Stored records

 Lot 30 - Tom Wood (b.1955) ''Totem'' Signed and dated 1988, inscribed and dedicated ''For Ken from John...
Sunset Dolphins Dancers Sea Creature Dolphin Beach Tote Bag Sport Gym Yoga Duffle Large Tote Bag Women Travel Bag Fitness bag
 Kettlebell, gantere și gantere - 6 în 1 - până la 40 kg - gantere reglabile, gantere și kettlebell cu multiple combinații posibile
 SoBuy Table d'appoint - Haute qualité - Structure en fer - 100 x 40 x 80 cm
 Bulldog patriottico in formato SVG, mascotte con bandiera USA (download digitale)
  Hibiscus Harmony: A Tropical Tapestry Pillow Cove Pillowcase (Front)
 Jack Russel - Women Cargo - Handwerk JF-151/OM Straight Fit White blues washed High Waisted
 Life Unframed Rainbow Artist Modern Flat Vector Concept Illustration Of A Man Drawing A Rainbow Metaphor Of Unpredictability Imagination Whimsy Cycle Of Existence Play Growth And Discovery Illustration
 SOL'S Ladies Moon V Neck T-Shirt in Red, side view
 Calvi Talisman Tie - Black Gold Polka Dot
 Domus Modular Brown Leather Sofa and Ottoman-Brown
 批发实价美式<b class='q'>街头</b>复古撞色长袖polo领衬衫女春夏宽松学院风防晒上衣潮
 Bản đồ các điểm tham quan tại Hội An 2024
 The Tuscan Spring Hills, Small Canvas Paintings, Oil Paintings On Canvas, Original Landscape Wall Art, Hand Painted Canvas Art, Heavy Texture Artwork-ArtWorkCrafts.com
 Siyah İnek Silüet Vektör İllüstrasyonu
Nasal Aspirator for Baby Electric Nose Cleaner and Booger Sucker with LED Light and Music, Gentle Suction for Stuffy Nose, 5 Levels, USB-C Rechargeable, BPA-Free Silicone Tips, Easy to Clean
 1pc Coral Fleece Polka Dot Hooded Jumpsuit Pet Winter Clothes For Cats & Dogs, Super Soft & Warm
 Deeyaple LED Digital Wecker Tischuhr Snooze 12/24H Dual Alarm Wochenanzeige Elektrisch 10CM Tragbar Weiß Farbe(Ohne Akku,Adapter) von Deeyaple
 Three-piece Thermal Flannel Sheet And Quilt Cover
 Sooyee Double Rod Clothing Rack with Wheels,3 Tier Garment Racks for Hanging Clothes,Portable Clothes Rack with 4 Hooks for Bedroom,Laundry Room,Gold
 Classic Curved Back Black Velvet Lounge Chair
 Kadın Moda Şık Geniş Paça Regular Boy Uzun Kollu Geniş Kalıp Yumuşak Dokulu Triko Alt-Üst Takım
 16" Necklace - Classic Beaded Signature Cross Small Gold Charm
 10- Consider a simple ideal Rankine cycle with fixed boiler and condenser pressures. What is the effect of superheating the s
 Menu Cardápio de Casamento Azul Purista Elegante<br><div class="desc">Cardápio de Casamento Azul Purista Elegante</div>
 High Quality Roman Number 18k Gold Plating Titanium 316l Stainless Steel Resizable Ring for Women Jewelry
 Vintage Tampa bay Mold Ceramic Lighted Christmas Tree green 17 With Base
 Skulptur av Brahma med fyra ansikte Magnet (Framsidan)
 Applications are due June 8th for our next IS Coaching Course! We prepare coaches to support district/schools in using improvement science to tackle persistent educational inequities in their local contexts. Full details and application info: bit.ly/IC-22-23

Your goal:
Return exactly, and only, the lines above starting at the line that contains "Calvi Talisman Tie - Black Gold Polka Dot" and ending at the line that contains "Bản đồ các điểm tham quan tại Hội An 2024".

Reply to the exercise:
 Calvi Talisman Tie - Black Gold Polka Dot
 Domus Modular Brown Leather Sofa and Ottoman-Brown
 批发实价美式<b class='q'>街头</b>复古撞色长袖polo领衬衫女春夏宽松学院风防晒上衣潮
 Bản đồ các điểm tham quan tại Hội An 2024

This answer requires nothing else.